Land under the Western-Roman Systems is the only real asset there is; because land means people as something that can be owned. It is the source of the creation of all financial instruments and money. Its existence is essential in such a system for any subsequent derivative like an Annuity attached to a Cestui Que Vie Trust to exist
Logically, debt is a derivative of a contract and a contract is a derivative of a person and a person is a derivative of the physical man or woman as Land; therefore, debts can only be associated with personal estates and NOT real estates or official estates.
What are Goods?
The notion of Goods has two essential meanings: the first is a gift; and the second is a promise associated with a beneficial Right of Use for Sale or Bargain. Thus, an exchange of Goods can mean:
- An Exchange of gifts between a buyer and a seller.
- An Exchange of a gift of a seller with a promise of a buyer.
- An Exchange of promises between a buyer and a seller.
The original Latin word for Promise was bona meaning “promise”. Hence, Bona Fide in respect of trusts also translates literally as a “promise in trust” or an enforceable promise.
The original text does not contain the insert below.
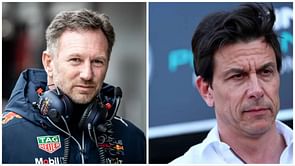 "You get less for crimes!": Red Bull boss blasts Toto Wolff for his ‘dominance’ criticism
By the 17th Century, the word bona was replaced by the word goods meaning a “promise or gift to or from God”.
This somewhat of a different concept to what we are used to thinking. As consumers, we are trained to think of goods in terms of the actual house, or car, or groceries, not the rights in trust that are attached behind them. Yet that is what precisely it is.
What are Chattels?
Another word that is traditionally associated with Goods is the word Chattels. The meaning of Chattels is frequently formed as a circular reference with Goods, so when you try to find the meaning of Goods, you get “chattels” and when you look at the definition of Chattels you get “goods”. Chattels means “Animals and Slaves as Goods as well as the Goods of Slaves for Sale and Bargain”.
The true original Latin word for Chattel is Catal/Catalla (the same origin for Cattle) meaning “beasts of burden”. There is no hiding what it means, despite some artful attempts by some dictionaries.
Chattels are then defined into two broad categories, Real Chattels and Personal Chattels.
- Real Chattels are the Interests of Animals, Insolvent Debtors, Criminals and Slaves leased for years as property to corporations for profit. Typically, the criminal banking landlord retains “Chattel Interest” in other words no effectual title passes from the creditor to debtor, but the creditor retains the right to the slaves that the debtor never had.
- Personal Chattels are the personal property of Insolvent Debtors, Criminals and Slaves that may be seized as bounty, prize or profit.
What is a Sale?
There are two methods for transferring Goods being either by Sale or Bargain. This should immediately spark what appears to be an anomaly for people when you consider that simple barter seems like an obvious method of exchange. The reason why Goods cannot be bartered will become obvious again in a moment. But for now, let us look at the notion of what is a Sale?
A Sale is essentially when the title to a thing is given in Trust to another in exchange for a price of lawful money, also given in trust. A Sale always involves two distinct trusts having two distinct trust corpus, one where the buyer is trustee and one where the seller is trustee. It is only when the sale is completed do the two separate trusts dissolve, providing the conditions of sale make that possible. In other words, there are ALWAYS at least two trusts associated with a sale.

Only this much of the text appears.